* _Exercise_: Please give back, exactly as written, only the line containing "SAN LORENZO PALM TREE ONE PIECE" and every line after it until the data below ends.

** Working data follows **

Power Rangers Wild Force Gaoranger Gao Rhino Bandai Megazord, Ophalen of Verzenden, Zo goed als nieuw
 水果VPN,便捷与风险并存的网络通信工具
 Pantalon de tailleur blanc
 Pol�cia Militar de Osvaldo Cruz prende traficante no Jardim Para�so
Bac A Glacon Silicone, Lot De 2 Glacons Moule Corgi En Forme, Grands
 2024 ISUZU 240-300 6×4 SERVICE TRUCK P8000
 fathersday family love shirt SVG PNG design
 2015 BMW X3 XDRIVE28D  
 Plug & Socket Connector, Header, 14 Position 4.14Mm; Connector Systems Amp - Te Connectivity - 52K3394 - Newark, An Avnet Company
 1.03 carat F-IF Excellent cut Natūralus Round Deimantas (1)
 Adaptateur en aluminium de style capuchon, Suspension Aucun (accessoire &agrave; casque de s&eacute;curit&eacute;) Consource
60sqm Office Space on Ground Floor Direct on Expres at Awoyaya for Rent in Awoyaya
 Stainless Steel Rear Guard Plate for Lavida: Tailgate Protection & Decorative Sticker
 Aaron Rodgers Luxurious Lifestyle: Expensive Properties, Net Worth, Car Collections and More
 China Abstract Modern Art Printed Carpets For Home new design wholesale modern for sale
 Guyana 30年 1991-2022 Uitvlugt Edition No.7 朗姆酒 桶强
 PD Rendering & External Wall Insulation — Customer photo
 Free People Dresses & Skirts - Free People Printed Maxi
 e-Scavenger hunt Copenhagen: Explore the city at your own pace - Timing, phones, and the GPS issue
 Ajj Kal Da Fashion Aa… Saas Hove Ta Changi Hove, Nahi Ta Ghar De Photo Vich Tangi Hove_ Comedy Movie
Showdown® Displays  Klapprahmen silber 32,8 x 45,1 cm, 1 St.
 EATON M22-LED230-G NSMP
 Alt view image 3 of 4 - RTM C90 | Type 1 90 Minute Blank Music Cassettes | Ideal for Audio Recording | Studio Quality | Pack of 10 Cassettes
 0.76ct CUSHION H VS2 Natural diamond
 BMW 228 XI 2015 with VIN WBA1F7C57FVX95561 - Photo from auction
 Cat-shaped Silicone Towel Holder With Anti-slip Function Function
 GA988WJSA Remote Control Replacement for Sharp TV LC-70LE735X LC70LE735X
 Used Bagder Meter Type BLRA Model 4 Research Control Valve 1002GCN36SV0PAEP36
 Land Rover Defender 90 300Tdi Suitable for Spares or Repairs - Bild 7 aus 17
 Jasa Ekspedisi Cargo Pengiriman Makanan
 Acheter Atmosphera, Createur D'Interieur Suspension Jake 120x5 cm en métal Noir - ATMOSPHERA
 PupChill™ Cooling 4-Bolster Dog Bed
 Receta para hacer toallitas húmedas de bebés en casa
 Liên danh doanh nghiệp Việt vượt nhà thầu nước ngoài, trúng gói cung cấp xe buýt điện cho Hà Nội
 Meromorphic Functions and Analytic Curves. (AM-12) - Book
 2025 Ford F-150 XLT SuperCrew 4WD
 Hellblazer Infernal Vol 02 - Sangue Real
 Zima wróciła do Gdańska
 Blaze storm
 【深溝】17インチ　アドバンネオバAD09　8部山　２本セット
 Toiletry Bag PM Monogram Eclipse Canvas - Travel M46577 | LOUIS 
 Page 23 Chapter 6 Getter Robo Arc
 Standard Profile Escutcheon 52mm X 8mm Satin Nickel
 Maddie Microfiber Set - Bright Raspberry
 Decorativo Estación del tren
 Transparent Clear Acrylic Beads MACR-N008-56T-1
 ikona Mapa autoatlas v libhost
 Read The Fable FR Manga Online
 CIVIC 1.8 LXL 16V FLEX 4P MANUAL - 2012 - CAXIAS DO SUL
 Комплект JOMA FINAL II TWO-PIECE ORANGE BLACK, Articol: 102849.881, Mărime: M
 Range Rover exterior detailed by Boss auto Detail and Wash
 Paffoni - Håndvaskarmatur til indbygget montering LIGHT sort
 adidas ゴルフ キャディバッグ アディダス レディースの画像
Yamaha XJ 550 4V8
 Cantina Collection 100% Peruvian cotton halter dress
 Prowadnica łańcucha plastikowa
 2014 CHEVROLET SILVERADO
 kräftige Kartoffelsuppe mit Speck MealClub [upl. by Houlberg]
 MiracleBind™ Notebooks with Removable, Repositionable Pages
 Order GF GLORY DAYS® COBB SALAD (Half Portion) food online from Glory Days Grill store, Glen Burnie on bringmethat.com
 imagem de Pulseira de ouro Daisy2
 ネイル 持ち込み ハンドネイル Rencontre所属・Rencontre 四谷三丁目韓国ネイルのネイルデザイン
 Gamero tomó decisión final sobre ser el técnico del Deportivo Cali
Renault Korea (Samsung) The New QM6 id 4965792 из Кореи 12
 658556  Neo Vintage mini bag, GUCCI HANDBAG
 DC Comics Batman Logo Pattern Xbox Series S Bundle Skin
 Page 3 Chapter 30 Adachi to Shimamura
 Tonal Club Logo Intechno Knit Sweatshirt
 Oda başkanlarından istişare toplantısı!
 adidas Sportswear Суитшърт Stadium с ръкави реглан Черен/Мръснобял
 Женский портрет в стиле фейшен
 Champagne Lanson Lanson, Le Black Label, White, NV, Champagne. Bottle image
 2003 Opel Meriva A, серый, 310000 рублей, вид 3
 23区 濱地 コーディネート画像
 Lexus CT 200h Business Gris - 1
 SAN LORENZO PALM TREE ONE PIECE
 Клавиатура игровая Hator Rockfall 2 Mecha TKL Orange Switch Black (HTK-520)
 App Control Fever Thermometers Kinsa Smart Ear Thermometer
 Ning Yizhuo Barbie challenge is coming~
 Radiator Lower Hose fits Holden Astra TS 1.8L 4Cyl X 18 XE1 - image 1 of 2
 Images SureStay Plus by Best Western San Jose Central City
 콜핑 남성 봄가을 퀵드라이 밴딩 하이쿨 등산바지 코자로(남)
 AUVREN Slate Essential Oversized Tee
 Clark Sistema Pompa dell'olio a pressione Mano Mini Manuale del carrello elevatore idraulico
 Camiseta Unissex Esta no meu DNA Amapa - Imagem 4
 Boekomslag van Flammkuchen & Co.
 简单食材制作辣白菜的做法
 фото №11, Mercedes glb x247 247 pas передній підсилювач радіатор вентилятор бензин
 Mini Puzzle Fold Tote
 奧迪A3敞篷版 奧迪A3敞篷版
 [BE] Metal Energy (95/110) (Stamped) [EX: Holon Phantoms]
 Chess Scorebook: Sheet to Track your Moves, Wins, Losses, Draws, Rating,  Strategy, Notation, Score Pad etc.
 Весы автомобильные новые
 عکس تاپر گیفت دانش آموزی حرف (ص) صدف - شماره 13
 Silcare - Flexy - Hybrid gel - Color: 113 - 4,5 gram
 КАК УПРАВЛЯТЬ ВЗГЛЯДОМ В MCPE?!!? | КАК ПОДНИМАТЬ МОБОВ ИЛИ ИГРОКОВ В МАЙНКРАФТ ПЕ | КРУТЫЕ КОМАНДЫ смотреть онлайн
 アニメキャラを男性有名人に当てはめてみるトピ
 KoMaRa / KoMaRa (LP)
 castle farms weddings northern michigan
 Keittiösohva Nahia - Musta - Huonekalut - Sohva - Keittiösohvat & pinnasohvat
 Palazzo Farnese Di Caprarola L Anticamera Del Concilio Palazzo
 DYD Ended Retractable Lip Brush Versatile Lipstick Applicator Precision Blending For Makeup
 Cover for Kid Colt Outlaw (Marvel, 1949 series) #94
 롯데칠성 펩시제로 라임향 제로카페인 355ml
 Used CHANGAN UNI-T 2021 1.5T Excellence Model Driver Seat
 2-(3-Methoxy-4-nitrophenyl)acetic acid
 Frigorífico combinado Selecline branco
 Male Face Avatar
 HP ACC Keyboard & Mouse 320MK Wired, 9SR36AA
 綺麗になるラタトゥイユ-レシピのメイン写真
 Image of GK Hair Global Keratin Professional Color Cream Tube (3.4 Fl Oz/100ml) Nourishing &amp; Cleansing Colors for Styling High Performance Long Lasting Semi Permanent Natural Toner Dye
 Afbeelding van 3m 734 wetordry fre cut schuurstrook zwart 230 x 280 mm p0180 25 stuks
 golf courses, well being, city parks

** End of Working data **

* _Finished exercise_:
 SAN LORENZO PALM TREE ONE PIECE
 Клавиатура игровая Hator Rockfall 2 Mecha TKL Orange Switch Black (HTK-520)
 App Control Fever Thermometers Kinsa Smart Ear Thermometer
 Ning Yizhuo Barbie challenge is coming~
 Radiator Lower Hose fits Holden Astra TS 1.8L 4Cyl X 18 XE1 - image 1 of 2
 Images SureStay Plus by Best Western San Jose Central City
 콜핑 남성 봄가을 퀵드라이 밴딩 하이쿨 등산바지 코자로(남)
 AUVREN Slate Essential Oversized Tee
 Clark Sistema Pompa dell'olio a pressione Mano Mini Manuale del carrello elevatore idraulico
 Camiseta Unissex Esta no meu DNA Amapa - Imagem 4
 Boekomslag van Flammkuchen & Co.
 简单食材制作辣白菜的做法
 фото №11, Mercedes glb x247 247 pas передній підсилювач радіатор вентилятор бензин
 Mini Puzzle Fold Tote
 奧迪A3敞篷版 奧迪A3敞篷版
 [BE] Metal Energy (95/110) (Stamped) [EX: Holon Phantoms]
 Chess Scorebook: Sheet to Track your Moves, Wins, Losses, Draws, Rating,  Strategy, Notation, Score Pad etc.
 Весы автомобильные новые
 عکس تاپر گیفت دانش آموزی حرف (ص) صدف - شماره 13
 Silcare - Flexy - Hybrid gel - Color: 113 - 4,5 gram
 КАК УПРАВЛЯТЬ ВЗГЛЯДОМ В MCPE?!!? | КАК ПОДНИМАТЬ МОБОВ ИЛИ ИГРОКОВ В МАЙНКРАФТ ПЕ | КРУТЫЕ КОМАНДЫ смотреть онлайн
 アニメキャラを男性有名人に当てはめてみるトピ
 KoMaRa / KoMaRa (LP)
 castle farms weddings northern michigan
 Keittiösohva Nahia - Musta - Huonekalut - Sohva - Keittiösohvat & pinnasohvat
 Palazzo Farnese Di Caprarola L Anticamera Del Concilio Palazzo
 DYD Ended Retractable Lip Brush Versatile Lipstick Applicator Precision Blending For Makeup
 Cover for Kid Colt Outlaw (Marvel, 1949 series) #94
 롯데칠성 펩시제로 라임향 제로카페인 355ml
 Used CHANGAN UNI-T 2021 1.5T Excellence Model Driver Seat
 2-(3-Methoxy-4-nitrophenyl)acetic acid
 Frigorífico combinado Selecline branco
 Male Face Avatar
 HP ACC Keyboard & Mouse 320MK Wired, 9SR36AA
 綺麗になるラタトゥイユ-レシピのメイン写真
 Image of GK Hair Global Keratin Professional Color Cream Tube (3.4 Fl Oz/100ml) Nourishing &amp; Cleansing Colors for Styling High Performance Long Lasting Semi Permanent Natural Toner Dye
 Afbeelding van 3m 734 wetordry fre cut schuurstrook zwart 230 x 280 mm p0180 25 stuks
 golf courses, well being, city parks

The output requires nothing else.